As November ends, everyone and their brother/sister will be writing about their IT and security predictions for 2018. Here’s a no-brainer from me: We’ll see massive proliferation of IoT devices on the network next year. Some of these will be general purpose like IP cameras, smart thermostats, smart electric meters, etc., but many others will be industry-specific sensors, actuators, and data collectors.
Managing the deployment, operations, and security of all these devices will be quite challenging. Someone must figure out network access controls, connectivity, segmentation, baseline behavior, network performance implications, etc.
This is where identity comes into play. Each device should have its own identity and attributes that govern connectivity, policy, and trust. My sagacious colleague, Mark Bowker, calls this trend the Internet of Identities (IoI). With Mark’s help, I introduced the concept of IoI in this blog, and further elaborated on the massive changes the Internet of Identities will bring in this one.

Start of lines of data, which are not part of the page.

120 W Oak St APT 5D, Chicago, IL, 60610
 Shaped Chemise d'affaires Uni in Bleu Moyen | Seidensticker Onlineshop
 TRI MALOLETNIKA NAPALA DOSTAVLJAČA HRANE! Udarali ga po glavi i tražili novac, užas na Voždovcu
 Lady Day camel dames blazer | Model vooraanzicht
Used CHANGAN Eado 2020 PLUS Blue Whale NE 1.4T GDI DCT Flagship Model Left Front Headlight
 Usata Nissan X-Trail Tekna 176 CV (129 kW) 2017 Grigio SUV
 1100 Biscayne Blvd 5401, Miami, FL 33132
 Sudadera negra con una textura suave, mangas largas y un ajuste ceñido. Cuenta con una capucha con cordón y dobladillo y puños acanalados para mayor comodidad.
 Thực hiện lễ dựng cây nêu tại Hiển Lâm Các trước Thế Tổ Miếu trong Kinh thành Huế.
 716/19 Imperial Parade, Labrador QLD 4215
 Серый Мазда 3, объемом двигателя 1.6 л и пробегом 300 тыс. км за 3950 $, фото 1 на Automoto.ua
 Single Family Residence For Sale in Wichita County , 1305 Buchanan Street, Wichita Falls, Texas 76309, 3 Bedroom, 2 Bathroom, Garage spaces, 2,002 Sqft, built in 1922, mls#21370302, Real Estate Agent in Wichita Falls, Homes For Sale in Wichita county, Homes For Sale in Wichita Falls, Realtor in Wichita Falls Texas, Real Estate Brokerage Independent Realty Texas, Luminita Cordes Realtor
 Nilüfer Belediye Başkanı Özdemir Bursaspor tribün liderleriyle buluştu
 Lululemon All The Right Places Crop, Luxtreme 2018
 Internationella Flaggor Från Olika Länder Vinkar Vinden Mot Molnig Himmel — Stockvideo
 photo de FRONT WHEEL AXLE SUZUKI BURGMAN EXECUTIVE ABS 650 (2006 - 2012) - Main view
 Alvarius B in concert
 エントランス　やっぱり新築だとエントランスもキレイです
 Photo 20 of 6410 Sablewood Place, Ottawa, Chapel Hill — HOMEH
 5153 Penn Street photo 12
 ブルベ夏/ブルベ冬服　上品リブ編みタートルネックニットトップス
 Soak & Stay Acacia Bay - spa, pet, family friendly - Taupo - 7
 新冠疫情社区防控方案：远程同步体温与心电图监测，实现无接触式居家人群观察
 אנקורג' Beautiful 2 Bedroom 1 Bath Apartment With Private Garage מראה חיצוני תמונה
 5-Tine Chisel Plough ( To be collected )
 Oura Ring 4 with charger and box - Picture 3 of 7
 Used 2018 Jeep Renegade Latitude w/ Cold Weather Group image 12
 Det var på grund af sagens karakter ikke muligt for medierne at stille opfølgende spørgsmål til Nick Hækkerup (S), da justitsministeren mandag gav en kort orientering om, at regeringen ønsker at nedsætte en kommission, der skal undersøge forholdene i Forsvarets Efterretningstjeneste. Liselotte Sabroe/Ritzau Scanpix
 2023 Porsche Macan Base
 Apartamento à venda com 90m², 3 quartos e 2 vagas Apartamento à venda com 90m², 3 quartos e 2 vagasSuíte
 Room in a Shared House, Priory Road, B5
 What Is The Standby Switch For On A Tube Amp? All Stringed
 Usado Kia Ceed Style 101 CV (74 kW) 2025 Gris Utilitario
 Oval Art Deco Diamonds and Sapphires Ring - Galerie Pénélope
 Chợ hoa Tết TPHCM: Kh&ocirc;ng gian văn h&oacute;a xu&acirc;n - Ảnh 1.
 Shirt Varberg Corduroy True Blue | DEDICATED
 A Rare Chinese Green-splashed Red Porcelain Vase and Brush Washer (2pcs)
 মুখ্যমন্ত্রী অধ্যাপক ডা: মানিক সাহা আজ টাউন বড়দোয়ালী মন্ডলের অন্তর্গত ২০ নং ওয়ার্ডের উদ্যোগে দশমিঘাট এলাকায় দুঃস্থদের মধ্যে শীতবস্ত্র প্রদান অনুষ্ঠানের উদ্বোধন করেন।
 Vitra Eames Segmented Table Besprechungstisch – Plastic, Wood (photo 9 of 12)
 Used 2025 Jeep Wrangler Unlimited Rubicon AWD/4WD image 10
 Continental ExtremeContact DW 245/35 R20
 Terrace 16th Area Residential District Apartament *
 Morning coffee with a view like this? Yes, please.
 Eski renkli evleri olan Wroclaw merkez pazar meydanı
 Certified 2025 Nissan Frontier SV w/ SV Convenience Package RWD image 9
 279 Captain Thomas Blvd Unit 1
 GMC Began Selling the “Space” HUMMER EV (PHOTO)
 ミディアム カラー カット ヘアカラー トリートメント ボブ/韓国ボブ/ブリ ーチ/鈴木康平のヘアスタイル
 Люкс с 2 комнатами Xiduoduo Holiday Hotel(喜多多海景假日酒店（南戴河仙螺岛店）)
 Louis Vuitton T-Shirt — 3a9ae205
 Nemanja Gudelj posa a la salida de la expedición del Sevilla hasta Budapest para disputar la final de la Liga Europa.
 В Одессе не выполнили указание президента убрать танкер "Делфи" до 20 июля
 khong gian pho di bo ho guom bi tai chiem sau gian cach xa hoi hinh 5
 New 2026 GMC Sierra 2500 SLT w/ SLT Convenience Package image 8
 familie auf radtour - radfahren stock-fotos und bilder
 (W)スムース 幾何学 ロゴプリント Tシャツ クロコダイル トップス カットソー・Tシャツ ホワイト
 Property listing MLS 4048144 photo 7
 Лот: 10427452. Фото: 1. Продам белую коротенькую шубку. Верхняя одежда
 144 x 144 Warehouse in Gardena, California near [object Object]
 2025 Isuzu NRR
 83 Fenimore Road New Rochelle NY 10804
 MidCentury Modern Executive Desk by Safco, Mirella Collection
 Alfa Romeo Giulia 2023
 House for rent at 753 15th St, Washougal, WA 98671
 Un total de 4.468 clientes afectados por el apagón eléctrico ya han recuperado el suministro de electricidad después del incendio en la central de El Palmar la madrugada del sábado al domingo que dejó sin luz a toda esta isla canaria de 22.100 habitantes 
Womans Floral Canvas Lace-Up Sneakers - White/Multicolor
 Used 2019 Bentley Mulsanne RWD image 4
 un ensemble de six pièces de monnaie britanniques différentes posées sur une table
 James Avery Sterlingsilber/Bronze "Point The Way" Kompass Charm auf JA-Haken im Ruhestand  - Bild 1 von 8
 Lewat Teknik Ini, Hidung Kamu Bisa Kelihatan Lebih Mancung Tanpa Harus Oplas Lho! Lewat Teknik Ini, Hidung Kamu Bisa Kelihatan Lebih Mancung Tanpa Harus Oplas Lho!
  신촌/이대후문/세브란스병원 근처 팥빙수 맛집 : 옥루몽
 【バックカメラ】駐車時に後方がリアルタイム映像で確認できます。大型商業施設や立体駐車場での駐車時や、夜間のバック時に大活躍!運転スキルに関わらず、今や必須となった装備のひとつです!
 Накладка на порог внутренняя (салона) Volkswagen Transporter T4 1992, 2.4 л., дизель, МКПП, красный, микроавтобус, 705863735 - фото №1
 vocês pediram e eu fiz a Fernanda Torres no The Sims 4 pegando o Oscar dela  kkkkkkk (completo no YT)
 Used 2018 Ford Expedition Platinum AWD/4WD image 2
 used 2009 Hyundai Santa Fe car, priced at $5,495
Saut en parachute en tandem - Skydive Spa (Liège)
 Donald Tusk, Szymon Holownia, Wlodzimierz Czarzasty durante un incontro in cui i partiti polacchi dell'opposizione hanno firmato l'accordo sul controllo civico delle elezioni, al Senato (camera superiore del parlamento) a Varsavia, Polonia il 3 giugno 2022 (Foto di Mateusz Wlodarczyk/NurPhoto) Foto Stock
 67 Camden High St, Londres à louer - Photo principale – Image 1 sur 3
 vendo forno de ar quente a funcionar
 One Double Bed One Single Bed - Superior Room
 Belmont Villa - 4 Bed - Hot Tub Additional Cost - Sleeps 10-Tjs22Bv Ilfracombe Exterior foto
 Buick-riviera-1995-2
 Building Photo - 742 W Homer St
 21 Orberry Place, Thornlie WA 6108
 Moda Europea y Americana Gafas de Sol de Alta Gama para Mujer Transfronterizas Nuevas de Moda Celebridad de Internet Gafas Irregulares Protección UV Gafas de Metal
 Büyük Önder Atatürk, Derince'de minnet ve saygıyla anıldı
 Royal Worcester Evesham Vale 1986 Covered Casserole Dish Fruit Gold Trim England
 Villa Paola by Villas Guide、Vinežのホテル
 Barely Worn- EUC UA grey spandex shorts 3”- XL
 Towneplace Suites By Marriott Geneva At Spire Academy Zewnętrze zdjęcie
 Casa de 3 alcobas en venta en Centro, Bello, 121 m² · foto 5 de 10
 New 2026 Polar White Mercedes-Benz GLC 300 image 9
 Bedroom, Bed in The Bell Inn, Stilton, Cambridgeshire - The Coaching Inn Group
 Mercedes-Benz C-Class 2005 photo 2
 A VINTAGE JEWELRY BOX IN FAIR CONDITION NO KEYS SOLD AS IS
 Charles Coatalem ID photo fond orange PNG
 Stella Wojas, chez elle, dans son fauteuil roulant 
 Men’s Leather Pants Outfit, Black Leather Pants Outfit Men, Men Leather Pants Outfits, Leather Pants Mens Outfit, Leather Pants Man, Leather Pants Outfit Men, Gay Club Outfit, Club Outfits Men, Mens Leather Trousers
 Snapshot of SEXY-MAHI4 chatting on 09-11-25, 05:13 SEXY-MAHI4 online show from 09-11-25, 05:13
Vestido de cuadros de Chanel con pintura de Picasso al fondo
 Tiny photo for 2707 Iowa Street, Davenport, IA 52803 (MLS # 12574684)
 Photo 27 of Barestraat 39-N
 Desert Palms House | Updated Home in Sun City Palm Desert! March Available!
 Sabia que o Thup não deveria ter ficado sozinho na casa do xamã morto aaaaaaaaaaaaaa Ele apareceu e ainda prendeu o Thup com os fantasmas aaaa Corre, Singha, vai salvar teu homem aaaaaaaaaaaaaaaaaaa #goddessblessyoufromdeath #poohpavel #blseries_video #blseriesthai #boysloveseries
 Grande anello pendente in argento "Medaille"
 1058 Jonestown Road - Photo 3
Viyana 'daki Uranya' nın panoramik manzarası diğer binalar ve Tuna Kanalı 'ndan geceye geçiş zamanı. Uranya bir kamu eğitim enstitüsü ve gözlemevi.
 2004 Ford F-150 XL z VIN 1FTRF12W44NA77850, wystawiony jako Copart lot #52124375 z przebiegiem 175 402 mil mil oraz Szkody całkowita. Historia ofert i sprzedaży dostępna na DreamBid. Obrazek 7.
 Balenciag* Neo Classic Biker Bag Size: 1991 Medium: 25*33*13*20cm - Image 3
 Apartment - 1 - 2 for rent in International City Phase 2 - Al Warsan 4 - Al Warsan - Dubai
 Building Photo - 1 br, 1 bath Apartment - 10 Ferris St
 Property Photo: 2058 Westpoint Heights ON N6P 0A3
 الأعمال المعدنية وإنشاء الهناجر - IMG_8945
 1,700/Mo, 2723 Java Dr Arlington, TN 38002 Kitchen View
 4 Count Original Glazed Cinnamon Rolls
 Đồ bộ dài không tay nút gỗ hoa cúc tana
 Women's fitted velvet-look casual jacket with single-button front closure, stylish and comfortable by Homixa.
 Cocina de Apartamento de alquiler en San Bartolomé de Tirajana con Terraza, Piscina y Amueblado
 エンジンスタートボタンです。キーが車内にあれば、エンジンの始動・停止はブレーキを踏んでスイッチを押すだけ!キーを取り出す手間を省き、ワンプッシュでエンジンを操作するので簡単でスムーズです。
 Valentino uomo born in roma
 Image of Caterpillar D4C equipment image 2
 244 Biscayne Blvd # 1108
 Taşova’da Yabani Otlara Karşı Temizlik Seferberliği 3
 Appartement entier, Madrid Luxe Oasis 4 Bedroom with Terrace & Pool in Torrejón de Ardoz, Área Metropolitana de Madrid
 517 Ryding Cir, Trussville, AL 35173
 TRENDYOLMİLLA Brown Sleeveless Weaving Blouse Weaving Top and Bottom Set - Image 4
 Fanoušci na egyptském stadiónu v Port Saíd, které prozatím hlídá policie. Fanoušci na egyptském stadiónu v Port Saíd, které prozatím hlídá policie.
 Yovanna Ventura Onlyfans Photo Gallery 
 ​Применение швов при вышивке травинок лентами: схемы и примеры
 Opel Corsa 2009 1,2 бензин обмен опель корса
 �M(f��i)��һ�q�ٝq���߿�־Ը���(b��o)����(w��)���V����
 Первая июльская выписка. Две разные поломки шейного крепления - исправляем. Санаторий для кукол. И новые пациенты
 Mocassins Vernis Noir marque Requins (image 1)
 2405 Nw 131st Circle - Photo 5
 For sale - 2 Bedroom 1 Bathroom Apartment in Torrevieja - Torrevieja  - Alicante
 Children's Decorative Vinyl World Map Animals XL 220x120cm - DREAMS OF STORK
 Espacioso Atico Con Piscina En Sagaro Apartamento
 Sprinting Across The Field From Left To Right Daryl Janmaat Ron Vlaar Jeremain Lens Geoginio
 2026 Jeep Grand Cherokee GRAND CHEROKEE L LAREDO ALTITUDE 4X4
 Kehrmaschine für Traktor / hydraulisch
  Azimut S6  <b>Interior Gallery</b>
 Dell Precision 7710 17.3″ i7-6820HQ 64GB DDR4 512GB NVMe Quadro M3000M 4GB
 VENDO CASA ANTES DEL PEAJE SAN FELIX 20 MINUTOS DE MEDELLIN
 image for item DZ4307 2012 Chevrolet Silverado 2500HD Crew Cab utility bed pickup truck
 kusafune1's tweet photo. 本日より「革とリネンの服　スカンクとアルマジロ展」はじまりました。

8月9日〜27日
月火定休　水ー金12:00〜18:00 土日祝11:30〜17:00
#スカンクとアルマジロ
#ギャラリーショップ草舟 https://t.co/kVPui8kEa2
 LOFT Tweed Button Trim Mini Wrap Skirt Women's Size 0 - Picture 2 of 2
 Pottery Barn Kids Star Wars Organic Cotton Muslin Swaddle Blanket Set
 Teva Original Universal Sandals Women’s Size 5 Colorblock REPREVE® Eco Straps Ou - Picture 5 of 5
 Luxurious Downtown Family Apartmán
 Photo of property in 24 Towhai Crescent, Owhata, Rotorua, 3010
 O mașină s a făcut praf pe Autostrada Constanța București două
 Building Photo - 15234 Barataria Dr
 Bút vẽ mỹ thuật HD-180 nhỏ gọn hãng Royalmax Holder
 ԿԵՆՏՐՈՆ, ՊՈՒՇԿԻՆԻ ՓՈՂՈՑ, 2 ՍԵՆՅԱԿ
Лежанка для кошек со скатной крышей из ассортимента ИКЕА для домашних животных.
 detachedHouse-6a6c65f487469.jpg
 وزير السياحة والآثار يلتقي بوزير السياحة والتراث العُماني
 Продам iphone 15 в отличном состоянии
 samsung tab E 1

So, IoI is coming fast, but ESG research indicates that many organizations are not prepared for the onslaught because:
- No one owns identity and access management (IAM). IAM grew organically over the past 20 years as organizations deployed applications, infrastructure, and security tools. Active Directory came in through Windows servers, VPNs and VLANs came via Cisco, authentication technologies like RSA SecureID were procured and managed by security teams, etc. As a result, everyone has a piece of IAM but no one owns it across the enterprise. ESG research indicates that IT infrastructure operations (49%) bear the majority of IAM responsibility, but security (31%), app management (10%), app development (5%), and mobile app management (4%) teams are leaning in on IAM activities. Yup, when it comes to IAM, many organizations could be considered a jack-of-all-trades and a master-of-none.
- IAM is a prisoner of the cybersecurity skills shortage. Security teams will be responsible for IoI policy enforcement, controls, and end-to-end monitoring but this oversight may be impacted by the global cybersecurity skills shortage. The research reveals that 27% of respondents do not feel they have a sufficient level of IAM knowledge and 31% of respondents do not feel that they have enough individuals on the information security team with IAM responsibilities. Security teams will run around like turkeys with their heads cut off as IoT devices multiply in the coming years.
What will happen if organizations don’t address these issues? IoI applications will be deployed haphazardly, network traffic patterns will go awry, productivity and uptime will suffer, and security teams will have to scramble to catch up.
So, what’s needed? Mark is recommending that enterprise organizations:
- Assess their enterprise IAM tactics and strategies. Organizations must find the disconnects, scalability issues, process overlap, and ownership structure and then work on a 3-year project to integrate and interoperate the whole enchilada.
- Appoint an IAM committee and owner. Application developers, IT operations, and security personnel do need to work collectively on IAM but someone must steer the ship. CIOs, CISOs, and business managers must find a senior person with the right business process, IT, and security chops who can be accountable for driving an IAM/IoI strategy that promotes business enablement, operational efficiency, and security efficacy.
- Adopt an identity-centric approach to business policies. As organizations approach new business initiatives, they should make IT and security decisions based upon the individuals involved, the devices they’ll use, the locations they work from, and the applications and data they need to get their jobs done. It’s all about connecting the right people to the right tools and blocking everyone else.